## [Requirement]
The expected answer holds every line from the first line of the data below through the line containing "Massa dari Forkabi", exactly as written, and no other line.

## [Given records]

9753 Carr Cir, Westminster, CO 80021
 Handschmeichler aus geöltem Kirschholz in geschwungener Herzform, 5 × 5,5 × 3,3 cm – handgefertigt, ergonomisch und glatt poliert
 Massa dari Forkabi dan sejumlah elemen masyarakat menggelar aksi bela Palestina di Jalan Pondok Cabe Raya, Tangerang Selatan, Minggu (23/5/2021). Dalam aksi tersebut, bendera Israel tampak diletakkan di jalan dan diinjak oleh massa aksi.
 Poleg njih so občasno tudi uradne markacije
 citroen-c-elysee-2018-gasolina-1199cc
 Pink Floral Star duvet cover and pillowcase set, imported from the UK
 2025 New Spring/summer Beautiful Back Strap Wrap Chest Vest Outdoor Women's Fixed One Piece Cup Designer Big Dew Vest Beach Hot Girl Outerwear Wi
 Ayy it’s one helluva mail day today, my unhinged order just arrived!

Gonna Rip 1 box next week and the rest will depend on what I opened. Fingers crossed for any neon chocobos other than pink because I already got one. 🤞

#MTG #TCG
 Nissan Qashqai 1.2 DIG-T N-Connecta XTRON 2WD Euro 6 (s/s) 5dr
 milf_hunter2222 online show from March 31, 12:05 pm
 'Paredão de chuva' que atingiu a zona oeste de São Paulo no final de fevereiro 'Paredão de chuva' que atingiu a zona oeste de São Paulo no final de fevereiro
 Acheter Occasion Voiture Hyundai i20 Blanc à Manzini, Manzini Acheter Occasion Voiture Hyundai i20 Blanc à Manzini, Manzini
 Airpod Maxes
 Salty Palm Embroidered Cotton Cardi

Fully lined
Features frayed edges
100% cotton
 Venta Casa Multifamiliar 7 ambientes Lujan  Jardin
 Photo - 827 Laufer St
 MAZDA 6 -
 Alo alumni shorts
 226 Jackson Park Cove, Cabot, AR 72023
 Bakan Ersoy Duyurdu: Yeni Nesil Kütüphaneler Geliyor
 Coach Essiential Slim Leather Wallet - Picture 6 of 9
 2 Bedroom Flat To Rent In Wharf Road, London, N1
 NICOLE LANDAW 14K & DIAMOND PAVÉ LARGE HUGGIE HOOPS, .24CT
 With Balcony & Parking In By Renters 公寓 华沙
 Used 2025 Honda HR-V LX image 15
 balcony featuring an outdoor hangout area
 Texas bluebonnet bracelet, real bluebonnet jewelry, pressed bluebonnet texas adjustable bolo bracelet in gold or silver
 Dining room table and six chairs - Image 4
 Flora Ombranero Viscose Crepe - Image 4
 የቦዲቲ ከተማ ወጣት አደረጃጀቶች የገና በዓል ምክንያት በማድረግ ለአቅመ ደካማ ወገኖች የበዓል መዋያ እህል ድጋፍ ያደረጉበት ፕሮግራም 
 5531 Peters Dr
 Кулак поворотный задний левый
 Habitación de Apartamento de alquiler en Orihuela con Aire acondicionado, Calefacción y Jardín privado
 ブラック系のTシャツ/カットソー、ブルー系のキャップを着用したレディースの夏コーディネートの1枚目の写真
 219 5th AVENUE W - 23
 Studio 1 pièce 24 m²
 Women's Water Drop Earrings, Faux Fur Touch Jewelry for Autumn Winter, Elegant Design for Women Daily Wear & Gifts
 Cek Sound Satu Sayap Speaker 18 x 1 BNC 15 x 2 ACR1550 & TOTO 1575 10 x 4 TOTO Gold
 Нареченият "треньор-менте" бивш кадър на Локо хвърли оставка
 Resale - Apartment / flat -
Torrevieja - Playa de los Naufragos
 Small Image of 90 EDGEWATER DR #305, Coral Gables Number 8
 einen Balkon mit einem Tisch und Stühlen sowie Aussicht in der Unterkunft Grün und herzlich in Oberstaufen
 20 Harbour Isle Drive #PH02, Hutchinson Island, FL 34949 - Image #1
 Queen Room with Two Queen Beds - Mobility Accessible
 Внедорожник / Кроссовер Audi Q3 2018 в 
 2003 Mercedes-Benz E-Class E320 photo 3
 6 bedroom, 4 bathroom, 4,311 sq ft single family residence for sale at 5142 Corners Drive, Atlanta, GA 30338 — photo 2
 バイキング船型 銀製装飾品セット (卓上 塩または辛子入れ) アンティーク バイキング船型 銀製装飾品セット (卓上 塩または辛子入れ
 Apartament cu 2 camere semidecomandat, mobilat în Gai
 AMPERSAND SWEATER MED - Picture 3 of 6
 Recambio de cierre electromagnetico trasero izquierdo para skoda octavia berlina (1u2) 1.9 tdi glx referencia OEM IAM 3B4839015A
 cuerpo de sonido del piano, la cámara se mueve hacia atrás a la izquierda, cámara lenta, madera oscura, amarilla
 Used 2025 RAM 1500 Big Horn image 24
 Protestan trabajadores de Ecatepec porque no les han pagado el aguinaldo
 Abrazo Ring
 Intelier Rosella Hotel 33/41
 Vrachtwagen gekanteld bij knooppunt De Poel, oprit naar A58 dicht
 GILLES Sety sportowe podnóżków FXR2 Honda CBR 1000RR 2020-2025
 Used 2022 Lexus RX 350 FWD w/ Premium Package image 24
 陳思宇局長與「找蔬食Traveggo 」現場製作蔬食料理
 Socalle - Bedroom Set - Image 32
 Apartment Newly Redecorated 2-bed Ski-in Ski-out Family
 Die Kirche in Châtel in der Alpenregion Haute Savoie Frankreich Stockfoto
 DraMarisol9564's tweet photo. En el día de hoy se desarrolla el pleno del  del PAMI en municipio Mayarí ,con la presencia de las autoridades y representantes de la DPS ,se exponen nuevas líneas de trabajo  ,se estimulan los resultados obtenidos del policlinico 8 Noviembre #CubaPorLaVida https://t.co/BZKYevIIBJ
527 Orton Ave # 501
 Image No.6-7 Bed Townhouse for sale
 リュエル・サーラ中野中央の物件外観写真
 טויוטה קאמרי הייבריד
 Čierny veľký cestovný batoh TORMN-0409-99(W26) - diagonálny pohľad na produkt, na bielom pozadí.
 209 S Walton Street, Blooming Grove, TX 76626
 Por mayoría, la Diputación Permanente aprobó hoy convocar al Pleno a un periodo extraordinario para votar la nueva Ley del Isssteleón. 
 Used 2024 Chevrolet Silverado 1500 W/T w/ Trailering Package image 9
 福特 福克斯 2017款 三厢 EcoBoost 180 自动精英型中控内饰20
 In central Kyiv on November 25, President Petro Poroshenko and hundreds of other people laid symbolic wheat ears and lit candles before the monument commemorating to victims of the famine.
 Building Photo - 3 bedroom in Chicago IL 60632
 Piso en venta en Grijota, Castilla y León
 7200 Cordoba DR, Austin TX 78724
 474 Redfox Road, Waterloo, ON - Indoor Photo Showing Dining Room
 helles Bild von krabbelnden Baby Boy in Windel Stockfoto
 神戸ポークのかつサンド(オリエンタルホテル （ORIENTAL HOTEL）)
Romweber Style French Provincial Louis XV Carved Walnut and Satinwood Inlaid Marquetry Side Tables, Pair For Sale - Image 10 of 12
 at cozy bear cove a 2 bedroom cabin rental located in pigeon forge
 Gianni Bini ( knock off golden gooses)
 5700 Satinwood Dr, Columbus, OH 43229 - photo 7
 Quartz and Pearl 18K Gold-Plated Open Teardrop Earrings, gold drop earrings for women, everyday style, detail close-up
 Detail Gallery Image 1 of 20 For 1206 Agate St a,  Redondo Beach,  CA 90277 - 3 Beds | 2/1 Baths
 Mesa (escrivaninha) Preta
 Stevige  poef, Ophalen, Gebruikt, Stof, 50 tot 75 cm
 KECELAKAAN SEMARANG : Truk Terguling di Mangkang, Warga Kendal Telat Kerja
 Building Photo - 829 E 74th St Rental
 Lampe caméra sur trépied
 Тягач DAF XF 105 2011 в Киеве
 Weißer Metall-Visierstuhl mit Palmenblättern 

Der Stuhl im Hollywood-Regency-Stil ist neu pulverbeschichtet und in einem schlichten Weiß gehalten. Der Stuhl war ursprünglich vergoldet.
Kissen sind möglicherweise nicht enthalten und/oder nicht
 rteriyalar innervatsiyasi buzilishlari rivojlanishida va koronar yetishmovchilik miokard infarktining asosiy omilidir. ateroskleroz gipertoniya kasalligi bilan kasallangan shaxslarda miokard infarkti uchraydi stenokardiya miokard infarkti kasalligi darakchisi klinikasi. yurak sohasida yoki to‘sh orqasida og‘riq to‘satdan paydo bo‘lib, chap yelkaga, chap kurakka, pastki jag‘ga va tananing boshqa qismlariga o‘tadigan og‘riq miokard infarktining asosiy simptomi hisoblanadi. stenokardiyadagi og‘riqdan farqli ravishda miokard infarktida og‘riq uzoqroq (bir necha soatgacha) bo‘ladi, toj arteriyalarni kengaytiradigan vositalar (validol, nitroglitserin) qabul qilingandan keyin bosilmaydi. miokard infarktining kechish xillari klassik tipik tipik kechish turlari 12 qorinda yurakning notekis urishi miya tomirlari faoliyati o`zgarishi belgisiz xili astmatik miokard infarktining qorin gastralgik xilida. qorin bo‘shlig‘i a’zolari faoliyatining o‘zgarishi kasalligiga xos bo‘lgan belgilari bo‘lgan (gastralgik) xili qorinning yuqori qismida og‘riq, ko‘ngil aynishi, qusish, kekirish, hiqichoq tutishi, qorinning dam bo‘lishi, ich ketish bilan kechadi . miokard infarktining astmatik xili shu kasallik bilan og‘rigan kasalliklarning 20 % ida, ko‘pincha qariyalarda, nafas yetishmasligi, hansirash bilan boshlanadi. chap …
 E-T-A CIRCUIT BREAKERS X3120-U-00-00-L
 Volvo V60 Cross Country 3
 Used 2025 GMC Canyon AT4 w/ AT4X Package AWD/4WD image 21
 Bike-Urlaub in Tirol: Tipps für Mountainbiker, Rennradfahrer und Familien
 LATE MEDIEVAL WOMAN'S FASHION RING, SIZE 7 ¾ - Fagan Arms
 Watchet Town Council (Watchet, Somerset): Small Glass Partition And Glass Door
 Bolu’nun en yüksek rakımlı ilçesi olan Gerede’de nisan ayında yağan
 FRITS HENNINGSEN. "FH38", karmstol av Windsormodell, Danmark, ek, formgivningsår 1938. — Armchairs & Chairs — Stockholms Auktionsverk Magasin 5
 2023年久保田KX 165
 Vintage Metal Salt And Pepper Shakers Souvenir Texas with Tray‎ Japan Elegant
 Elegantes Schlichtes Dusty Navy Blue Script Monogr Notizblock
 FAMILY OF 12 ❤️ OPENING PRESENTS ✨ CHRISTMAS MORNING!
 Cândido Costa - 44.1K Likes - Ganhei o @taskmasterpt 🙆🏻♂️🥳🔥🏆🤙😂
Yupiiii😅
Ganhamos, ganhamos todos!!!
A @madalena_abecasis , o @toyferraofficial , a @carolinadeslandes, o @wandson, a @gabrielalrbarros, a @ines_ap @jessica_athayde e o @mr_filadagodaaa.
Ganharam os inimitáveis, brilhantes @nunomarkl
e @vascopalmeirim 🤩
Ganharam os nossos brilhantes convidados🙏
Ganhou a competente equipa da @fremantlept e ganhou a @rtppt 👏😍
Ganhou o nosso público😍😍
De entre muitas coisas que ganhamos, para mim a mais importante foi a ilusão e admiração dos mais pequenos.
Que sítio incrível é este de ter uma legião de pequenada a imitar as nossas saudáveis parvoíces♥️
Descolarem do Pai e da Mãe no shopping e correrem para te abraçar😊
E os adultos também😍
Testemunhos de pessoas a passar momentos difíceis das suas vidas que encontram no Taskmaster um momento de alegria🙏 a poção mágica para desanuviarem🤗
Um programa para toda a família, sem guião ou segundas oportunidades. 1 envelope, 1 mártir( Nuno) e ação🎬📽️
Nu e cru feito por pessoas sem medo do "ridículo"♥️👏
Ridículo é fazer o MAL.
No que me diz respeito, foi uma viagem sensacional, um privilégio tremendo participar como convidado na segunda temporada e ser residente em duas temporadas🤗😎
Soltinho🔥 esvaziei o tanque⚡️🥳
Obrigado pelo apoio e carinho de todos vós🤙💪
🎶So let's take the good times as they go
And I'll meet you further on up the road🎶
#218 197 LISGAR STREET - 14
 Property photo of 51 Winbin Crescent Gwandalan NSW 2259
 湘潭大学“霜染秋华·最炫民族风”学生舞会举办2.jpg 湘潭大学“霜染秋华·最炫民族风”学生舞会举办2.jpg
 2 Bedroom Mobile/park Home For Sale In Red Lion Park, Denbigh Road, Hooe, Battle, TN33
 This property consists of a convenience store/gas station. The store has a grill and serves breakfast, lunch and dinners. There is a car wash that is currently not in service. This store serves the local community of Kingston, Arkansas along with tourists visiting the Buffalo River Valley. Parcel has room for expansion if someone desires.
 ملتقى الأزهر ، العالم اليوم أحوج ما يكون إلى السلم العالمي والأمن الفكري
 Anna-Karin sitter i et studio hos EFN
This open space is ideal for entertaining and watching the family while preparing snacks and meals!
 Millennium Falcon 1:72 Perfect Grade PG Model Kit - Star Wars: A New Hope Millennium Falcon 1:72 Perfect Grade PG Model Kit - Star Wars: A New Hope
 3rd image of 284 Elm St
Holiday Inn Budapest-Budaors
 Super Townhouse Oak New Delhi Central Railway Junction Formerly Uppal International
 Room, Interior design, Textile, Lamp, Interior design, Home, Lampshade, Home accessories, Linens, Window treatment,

## [Answer space]
9753 Carr Cir, Westminster, CO 80021
 Handschmeichler aus geöltem Kirschholz in geschwungener Herzform, 5 × 5,5 × 3,3 cm – handgefertigt, ergonomisch und glatt poliert
 Massa dari Forkabi dan sejumlah elemen masyarakat menggelar aksi bela Palestina di Jalan Pondok Cabe Raya, Tangerang Selatan, Minggu (23/5/2021). Dalam aksi tersebut, bendera Israel tampak diletakkan di jalan dan diinjak oleh massa aksi.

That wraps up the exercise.